I have the following query:
SELECT DISTINCT FIRST_VALUE(business_id)
OVER (PARTITION BY b.sub_category_id
ORDER BY AVG(stars) desc, COUNT(*) DESC) business_id,
sub_category_id
FROM purchase_experience pe
JOIN businesses b ON b.id = pe.business_id
AND b.status = 'active'
AND b.sub_category_id IN (1010 ,1007 ,1034 ,1036)
WHERE pe.stars <> 0
GROUP BY business_id
LIMIT 4
It returns something like this:
business_id | sub_category_id
1744 | 1007
13215 | 1010
9231 | 1034
9103 | 1036
And here is the result of EXPLAIN
:
The sad part is, it takes about 7secs to be executed. Any idea how can I make it optimize?
Answers
To optimize the query and improve its performance, you can try the following approaches:
-
Indexes: Ensure that the columns used in joins and filtering (
business_id
,status
,sub_category_id
,stars
) are indexed appropriately. This can significantly speed up the execution of the query. -
Optimize Window Function: The
FIRST_VALUE
window function can sometimes be resource-intensive. You can try alternative approaches to achieve the same result without using window functions, such as subqueries or correlated subqueries. -
Query Restructuring: Sometimes restructuring the query can lead to better performance. This involves breaking down the query into smaller parts, optimizing each part individually, and then combining them back together.
-
Materialized Views or Caching: If the data is relatively static or does not need to be real-time, you can consider using materialized views or caching to store precomputed results, reducing the query execution time.
-
Tuning Database Configuration: Ensure that the database server is properly configured for optimal performance, including appropriate memory allocation, disk I/O settings, and query optimizer settings.

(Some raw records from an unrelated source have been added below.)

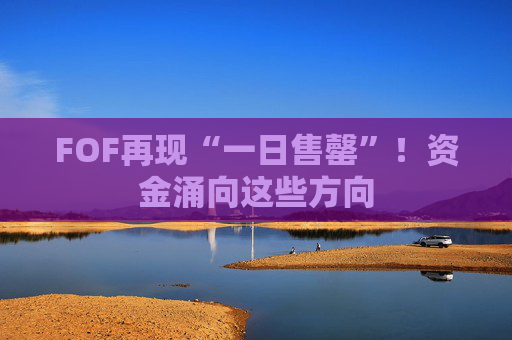 FOF再现“一日售罄”！资金涌向这些方向  第1张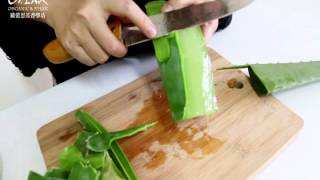 【Orlax 花香氣】 DIY檸檬蘆薈洗潔劑 洗碗精 【Orlax 花香氣】 DIY檸檬蘆薈洗潔劑 洗碗精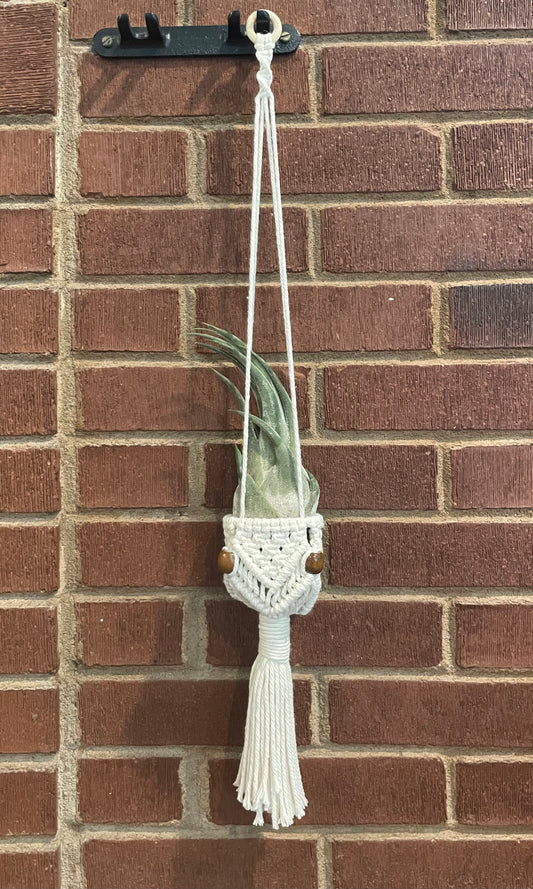 PLANT HANGER: Small Bucket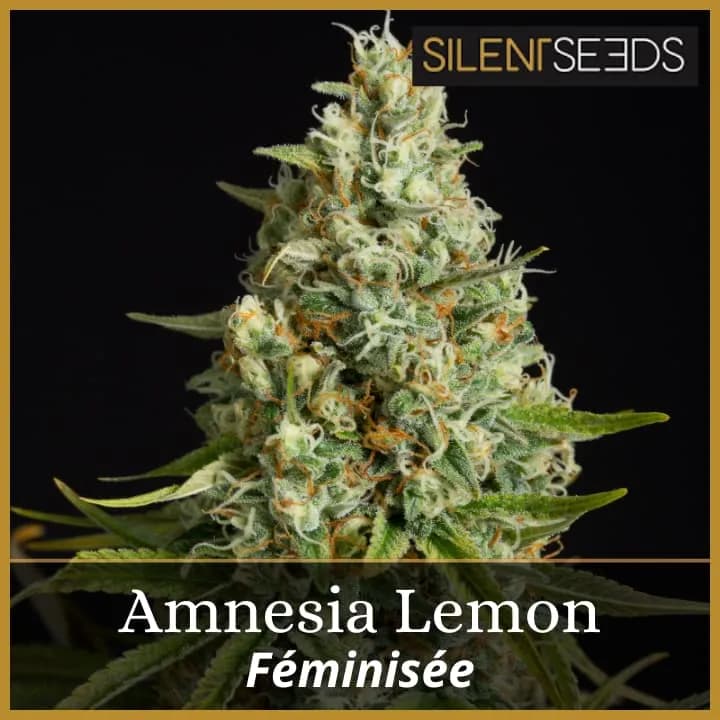 Amnesia Lemon
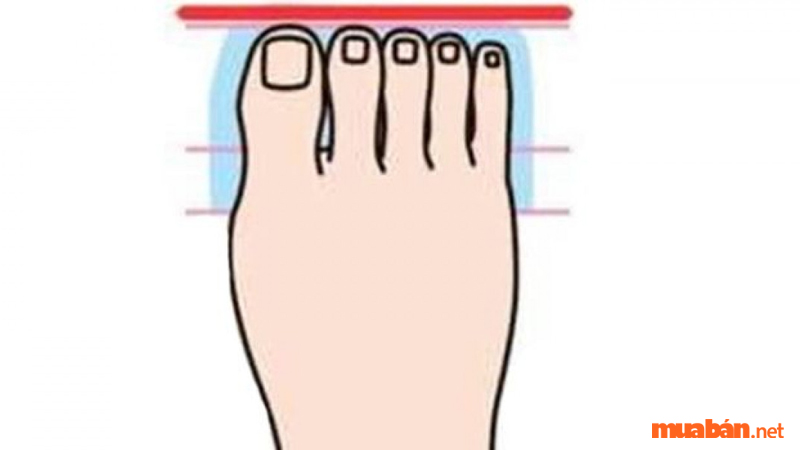 Người có các ngón chân dài bằng nhau thường ngay thẳng, trung thực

Here's a revised version of your query that avoids the use of window functions and may perform better in some cases:
SELECT
business_id,
sub_category_id
FROM (
SELECT
b.business_id,
b.sub_category_id,
ROW_NUMBER() OVER (PARTITION BY b.sub_category_id ORDER BY AVG(pe.stars) DESC, COUNT(*) DESC) as rn
FROM
purchase_experience pe
JOIN
businesses b ON b.id = pe.business_id
WHERE
b.status = 'active'
AND b.sub_category_id IN (1010, 1007, 1034, 1036)
AND pe.stars <> 0
GROUP BY
b.business_id, b.sub_category_id
) AS subq
WHERE rn = 1
LIMIT 4;
This query avoids the use of the FIRST_VALUE
window function by instead using ROW_NUMBER()
within a subquery. This could potentially improve performance, especially if window functions are particularly costly in your database environment. However, the effectiveness of this approach depends on various factors, including your database engine and schema design.